Eusebius of Caesarea​

“They [the early saints of the Old Testament] did not care about circumcision of the body, neither do we [Christians]. They did not care about observing Sabbaths, nor do we. They did not avoid certain kinds of food, neither did they regard the other distinctions which Moses first delivered to their posterity to be observed as symbols; nor do Christians of the present day do such things” (Church History 1:4:8 [A.D. 312]).
“[T]he day of his [Christ’s] light . . . was the day of his resurrection from the dead, which they say, as being the one and only truly holy day and the Lord’s day, is better than any number of days as we ordinarily understand them, and better than the days set apart by the Mosaic law for feasts, new moons, and Sabbaths, which the apostle [Paul] teaches are the shadow of days and not days in reality” (Proof of the Gospel 4:16:186 [A.D. 319]).

Athanasius​

“The Sabbath was the end of the first creation, the Lord’s day was the beginning of the second, in which he renewed and restored the old in the same way as he prescribed that they should formerly observe the Sabbath as a memorial of the end of the first things, so we honor the Lord’s day as being the memorial of the new creation” (On Sabbath and Circumcision 3 [A.D. 345]).

Cyril of Jerusalem​

“Fall not away either into the sect of the Samaritans or into Judaism, for Jesus Christ has henceforth ransomed you.
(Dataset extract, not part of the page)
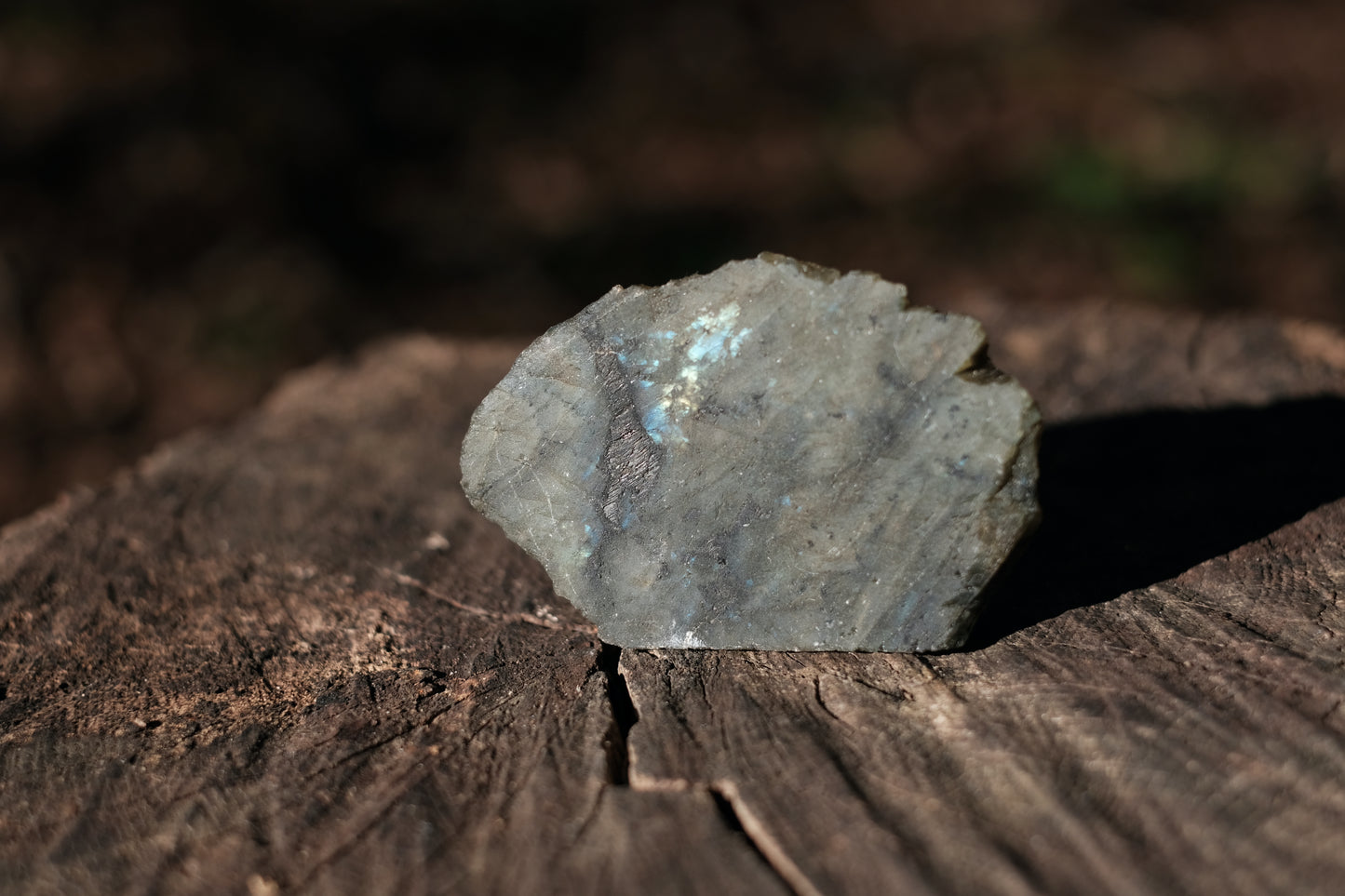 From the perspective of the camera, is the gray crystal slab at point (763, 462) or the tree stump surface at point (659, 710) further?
the gray crystal slab at point (763, 462)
Stand aloof from all observance of Sabbaths and from calling any indifferent meats common or unclean” (Catechetical Lectures 4:37 [A.D. 350]).

Council of Laodicea​

“Christians should not Judaize and should not be idle on the Sabbath, but should work on that day; they should, however, particularly reverence the Lord’s day and, if possible, not work on it, because they were Christians” (Canon 29 [A.D. 360]).

John Chrysostom​

“[W]hen he [God] said, ‘You shall not kill’ . . . he did not add, ‘because murder is a wicked thing.’ The reason was that conscience had taught this beforehand, and he speaks thus, as to those who know and understand the point. Wherefore when he speaks to us of another commandment, not known to us by the dictate of conscience, he not only prohibits, but adds the reason. When, for instance, he gave commandment concerning the Sabbath— ‘On the seventh day you shall do no work’—he subjoined also the reason for this cessation. What was this? ‘Because on the seventh day God rested from all his works which he had begun to make’ [Ex. 20:10-11]. . . . For what purpose then, I ask, did he add a reason respecting the Sabbath, but did no such thing in regard to murder? Because this commandment was not one of the leading ones. It was not one of those which were accurately defined of our conscience, but a kind of partial and temporary one, and for this reason it was abolished afterward. But those which are necessary and uphold our life are the following: ‘You shall not kill. . . . You shall not commit adultery. . . . You shall not steal.’ On this account he adds no reason in this case, nor enters into any instruction on the matter, but is content with the bare prohibition” (Homilies on the Statutes 12:9 [A.D. 387]).
“You have put on Christ, you have become a member of the Lord and been enrolled in the heavenly city, and you still grovel in the law [of Moses]? How is it possible for you to obtain the kingdom? Listen to Paul’s words, that the observance of the law overthrows the gospel, and learn, if you will, how this comes to pass, and tremble, and shun this pitfall. Why do you keep the Sabbath and fast with the Jews?” (Homilies on Galatians 2:17 [A.D. 395]).
“The rite of circumcision was venerable in the Jews’ account, forasmuch as the law itself gave way thereto, and the Sabbath was less esteemed than circumcision. For that circumcision might be performed, the Sabbath was broken; but that the Sabbath might be kept, circumcision was never broken; and mark, I pray, the dispensation of God. This is found to be even more solemn than the Sabbath, as not being omitted at certain times. When then it is done away, much more is the Sabbath” (Homilies on Philippians 10 [A.D. 402]).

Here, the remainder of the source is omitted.